An absolute immersion, a window on to your own world or a door to someone else's. The author gets under your skin and becomes you. And you become the author.

You stop feeling time. It is three in the morning, but it does not matter, because you don’t exist in real time. Your time is a century ago, or a decade ago, or somewhere in the future.  You are not here.

You read on trains, plains, walking in the crowded streets and driving in heavy traffic. You read while brushing your teeth, taking a bath, burning your dinner, buying groceries or talking to your mother on the phone.

You are a book-a-holic. When you get money, you buy books. And if there is any left over, you buy food.

The magical books, the unpretentious containers of literary work.  The familiar everyday objects consisting of printed pages glued together and bound in covers… At least that’s what we understand as a ‘book’ today. Though, as our intellectual discourse is shifting from printed pages to networked screens: eBooks, Androids, iPhones and iPads, what is going to happen to our book fetish tomorrow? Will the reading be just as magical?

It should still be, right? The magic is in the text – the unique compilation of words that makes you think and feel and forget about the time. It should not be affected by the medium carrying the text. The content is what matters - the guts of the book - either it is a plain printed text or a hypertext.

Whether you take a paperback from a shelf or download text to your e-reader, the ultimate purpose is direct brain-to-brain download from writer to reader.

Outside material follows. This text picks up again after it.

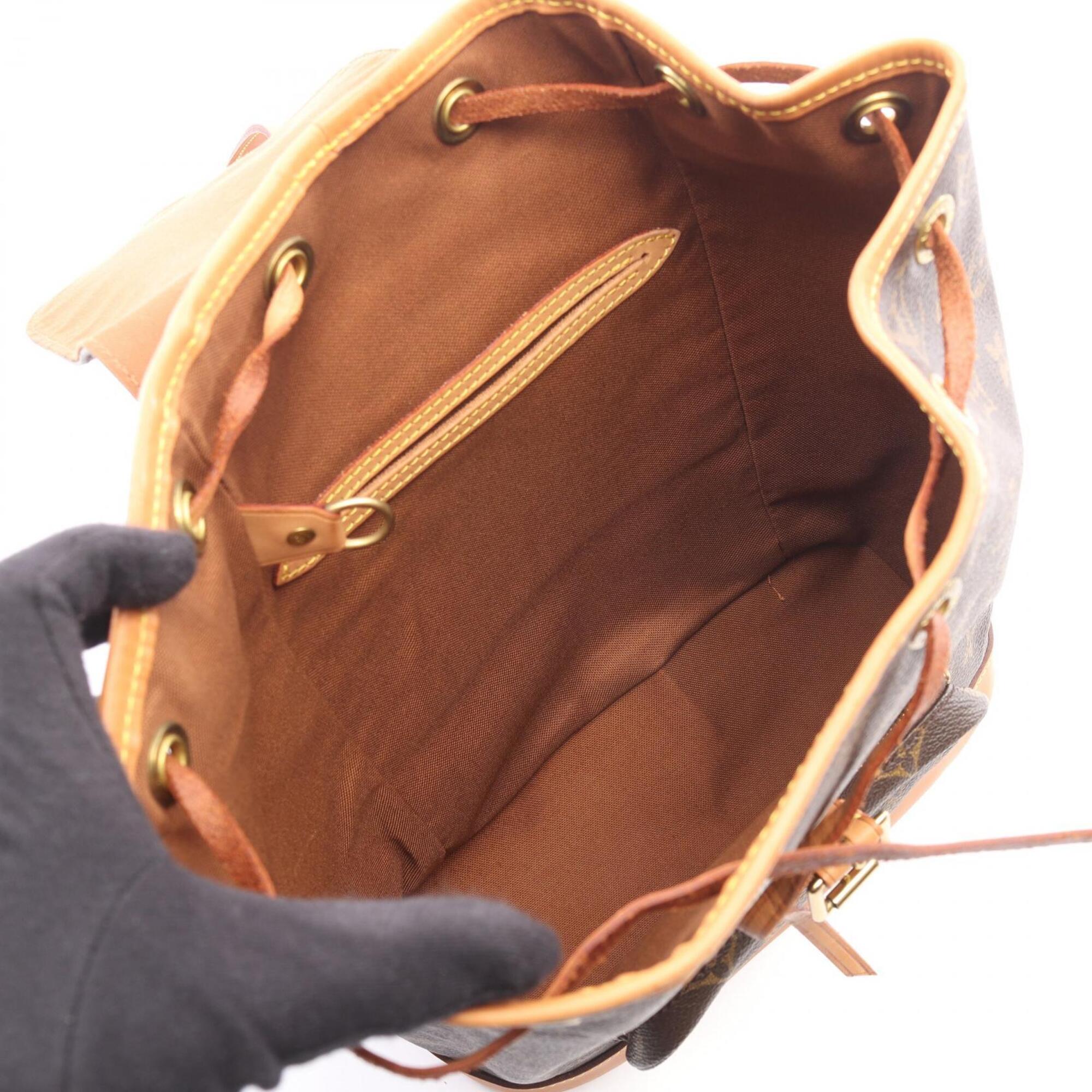 Louis Vuitton Brown Coated Canvas Leather Backpack Handbag (Pre-Owned)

We understand the obvious advantages of battery-operated electronic reading. Lightweight and portable, holding your entire library, the eBook can be read whenever and wherever you like. It does not require lighting (remember that flashlight under the blanket?)  It is loyal to your eyes, offering zoom function, letter resizing, and so forth. You can search for words or passages throughout the text. It’s effortless to skip to a juicy section or to go back and reread a memorable part. (Think how long it would take to skim to a particular passage in a paper book, even if it is bookmarked or the page corner is bent?) If you come across an unfamiliar word, a hyperlink may take you directly to an online source, which will cover the gap in your vocabulary, and instantly bring you back to where you were reading. (Now imagine taking a huge dictionary or encyclopedia from a top shelf and manually searching for a peculiar word). Note-taking is powerful, and your notes can be found and referenced quickly and easily. And they don't have to be permanent. (While your notes in paper book are there to stay, even pencil. You can always see the imprints, even if you erase every last shred of graphite). In addition, eBooks are eco-friendly.  You don't have to kill trees.

And yet, something is missing. Something deliciously old-fashioned. The weight of the book in your hand. The texture, the smell. The exciting smell of freshly-printed pages, and the smell of an old book, with turned-yellow pages falling out. The nostalgic stain of coffee, spilt years ago. (You can as well spill coffee on an eBook, but the effect will be different).  The impressive visuals of the interior filled with bookshelves and bookcases (“Wow, did you read all this?”)  Regular trips to a bookstore with no specific book in mind, which always ends up buying a couple of unexpected findings. Wrapping books for a present, exchanging books, loaning, borrowing and reselling...

Will ‘digitized’ young people, who do not know life before the Internet, ever experience any of this? Will they ever feel the pleasure of turning pages? Will they ever know how multifunctional the paper books have been?

Not always containing great literature, books of inferior quality have been good for kindling, bonfire fuel, brown bagging, bookshelf support, furniture leveling, wine coasters, secret piggy banks, status symbols, and even window cleaning paper. And what can you do with unloved digital publications? Just delete it, with no further use.

It is hard to give up our habits. It has always been hard. Remember those old vinyl records? Switching over to cassette tapes? Converting your music collection to compact discs? To MP3s? Transferring your VHS movies to DVD and, God forbid, upgrading to Blu-ray? We have survived it all.

And if it is destined for the electronic books to replace the paperbacks and hardcovers, we’ll survive it too. And we’ll still be reading. Because reading is the only reliable evidence that we are still thinking. And because it is magical.